The vllm version is 0.10.1. The v0 benchmark can be successfully executed, but the v1 request will get stuck. When the client gets stuck, it will time out. The benchmark log is provided below.
Traceback (most recent call last):
File "/opt/ac2/lib/python3.12/site-packages/aiohttp/client_reqrep.py", line 539, in start
message, payload = await protocol.read() # type: ignore[union-attr]
^^^^^^^^^^^^^^^^^^^^^
File "/opt/ac2/lib/python3.12/site-packages/aiohttp/streams.py", line 680, in read
await self._waiter
asyncio.exceptions.CancelledError
The above exception was the direct cause of the following exception:
Traceback (most recent call last):
File "/mnt/ysgg1/vllm_split/scripts/benchmark/backend_request_func.py", line 188, in async_request_openai
async with session.post(url=api_url, json=payload, headers=headers) as response:
^^^^^^^^^^^^^^^^^^^^^^^^^^^^^^^^^^^^^^^^^^^^^^^^^^^^^^^^
File "/opt/ac2/lib/python3.12/site-packages/aiohttp/client.py", line 1517, in __aenter__
self._resp: _RetType = await self._coro
^^^^^^^^^^^^^^^^
File "/opt/ac2/lib/python3.12/site-packages/aiohttp/client.py", line 786, in _request
resp = await handler(req)
^^^^^^^^^^^^^^^^^^
File "/opt/ac2/lib/python3.12/site-packages/aiohttp/client.py", line 764, in _connect_and_send_request
await resp.start(conn)
File "/opt/ac2/lib/python3.12/site-packages/aiohttp/client_reqrep.py", line 534, in start
with self._timer:
^^^^^^^^^^^
File "/opt/ac2/lib/python3.12/site-packages/aiohttp/helpers.py", line 713, in __exit__
raise asyncio.TimeoutError from exc_val
TimeoutError
[5m54s < 40m35s] Progress: 127/1000 (1 failed) (12.7%), Decoding: 0, Prefilling: 38, TTFT: 0.00 (15779.53), ITL: 21.37 (21.37), Decoding throughput: 0.00 (273.82), Prefilling throughput: 0.00 (67.14)
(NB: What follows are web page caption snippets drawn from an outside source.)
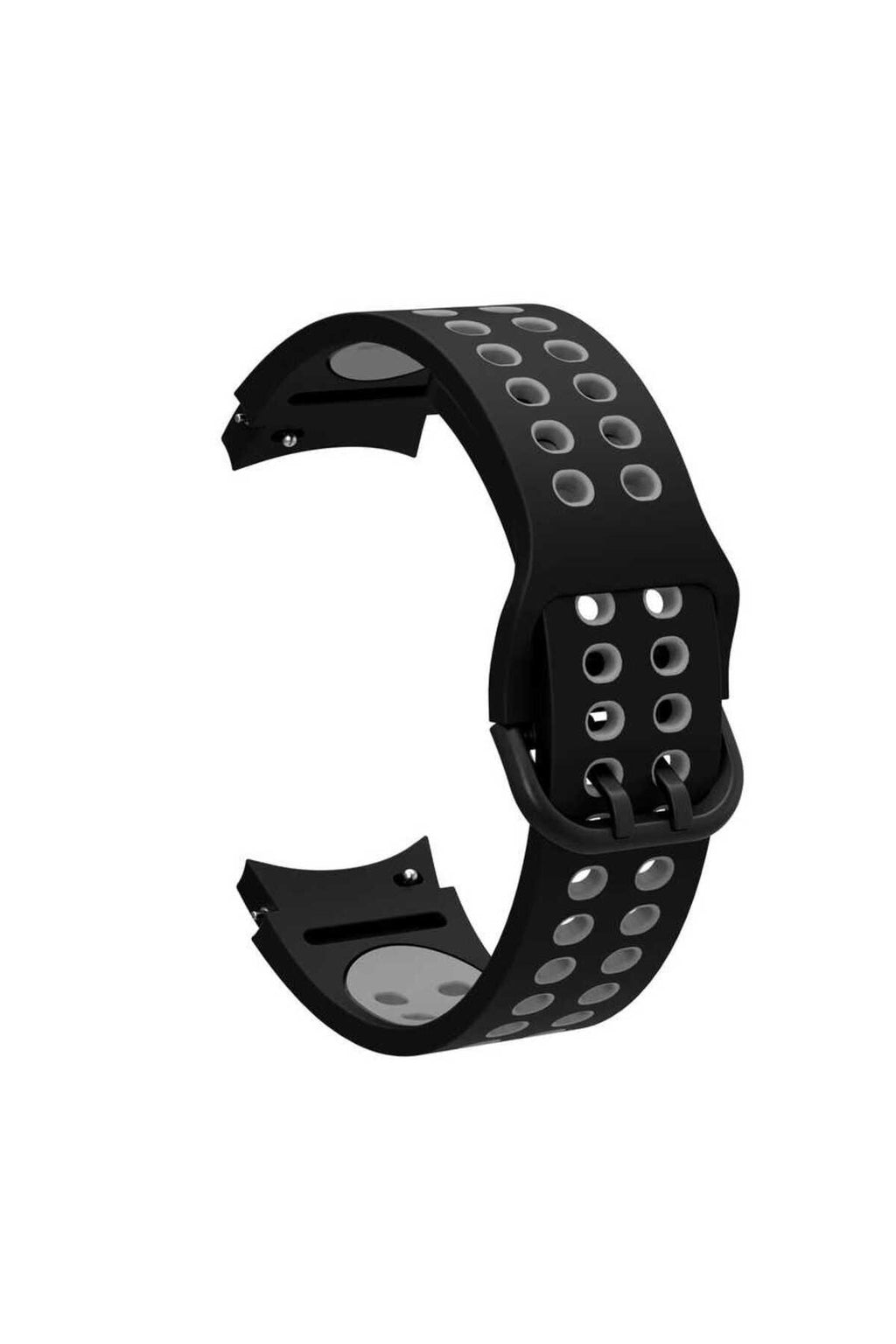 Galaxy Watch 4 Classic 46mm KRD-02 Uyumlu Zore Kordon-Siyah-Gri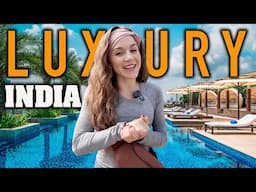 Inside India's ₹30,000 LUXURY HOTEL😱 | Exploring the RICH side of India!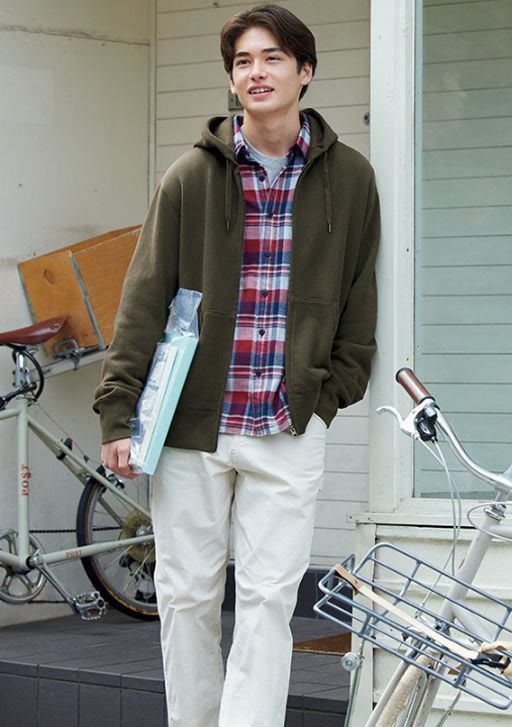 优衣库inesde联名款格子衬衫男,优衣库白衬衣怎么穿出高级感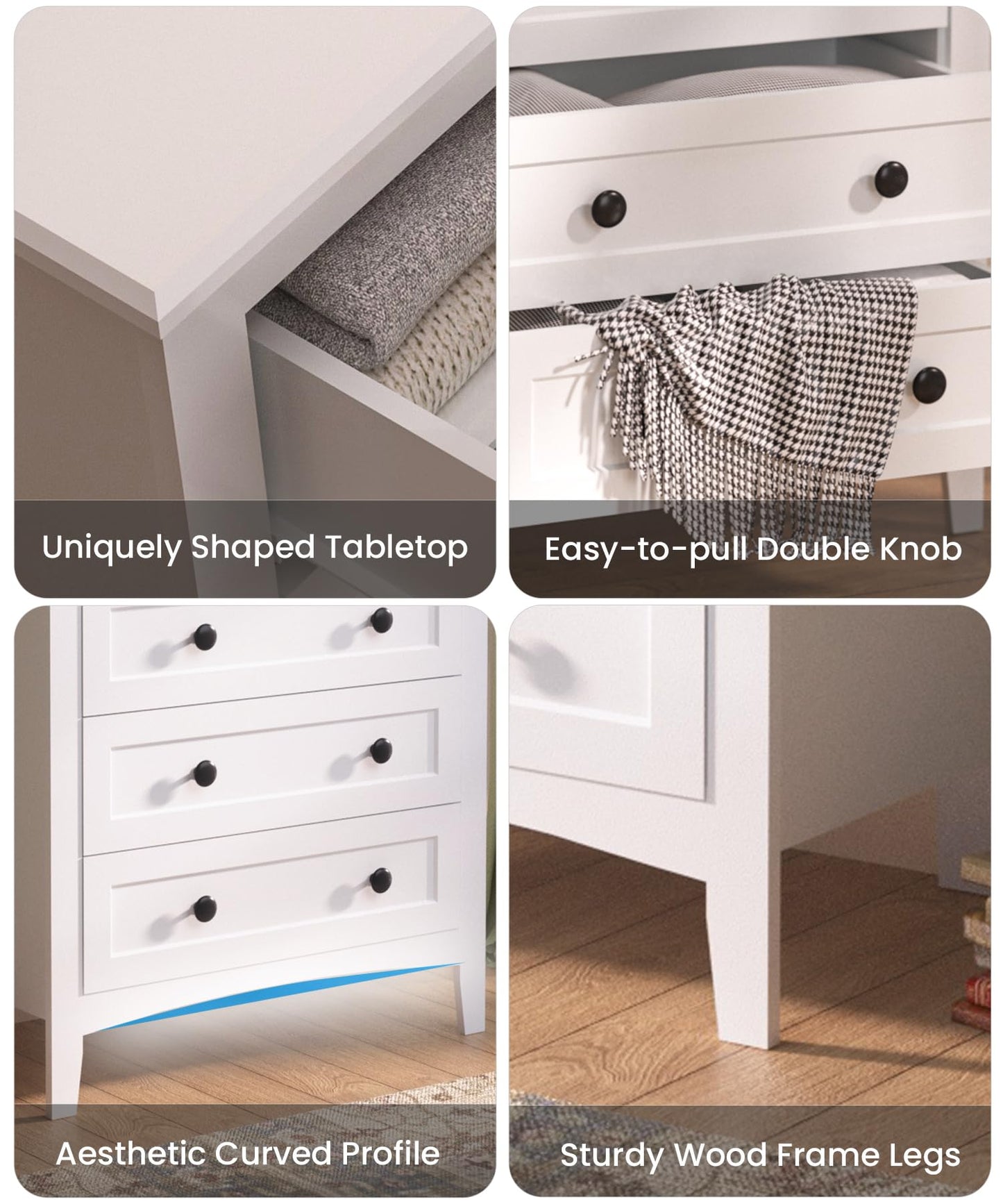 Five-Drawer Dresser with Built-In Power Station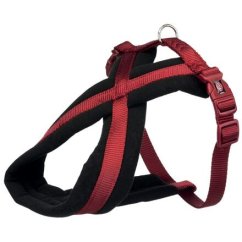 Nylonový postroj PREMIUM podšitý - burgundy - DOPRODEJ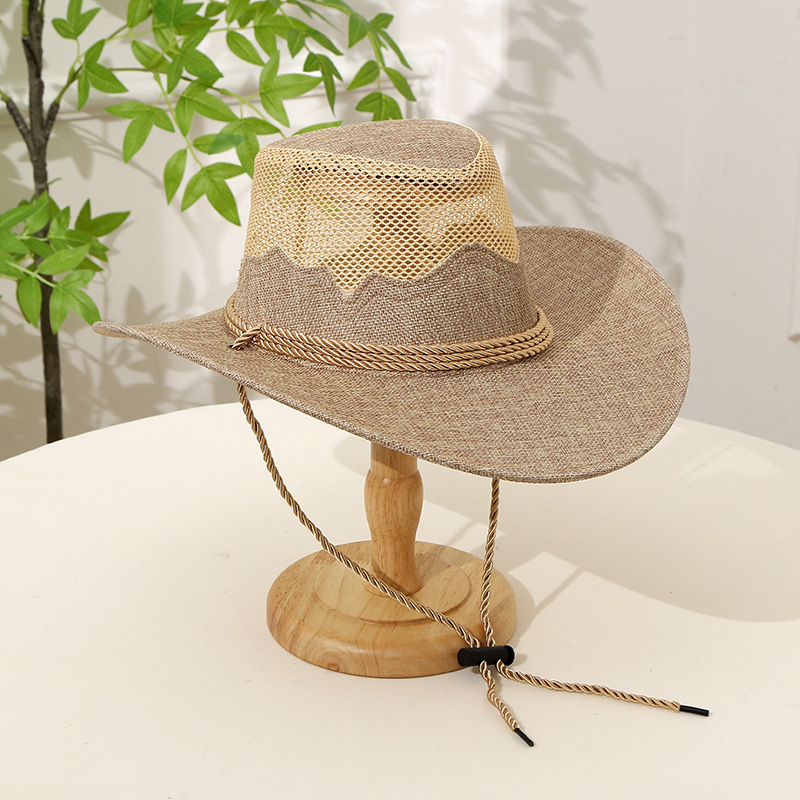 Western cowboy hat Mongolia steppe hat Yingzi handsome large brim hat men and women models casual versatile sun blocking sun hat hot-sale products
The log of the scheduler is below.
finish serving request: deaec2cd-7a00-4d3c-9c6e-c41024ec6b85
connection of request: 289076dc-e996-4cbd-ad6e-8c5ea911e404, scheduler request: e8420178-1460-45d3-9ea0-3c85e27a2f75 closed without finish
finish prefill stage of request[abort] or some wrong with input parameter : e8420178-1460-45d3-9ea0-3c85e27a2f75
finish serving request: e8420178-1460-45d3-9ea0-3c85e27a2f75
http: proxy error: context canceled
The server’s log did not report any errors.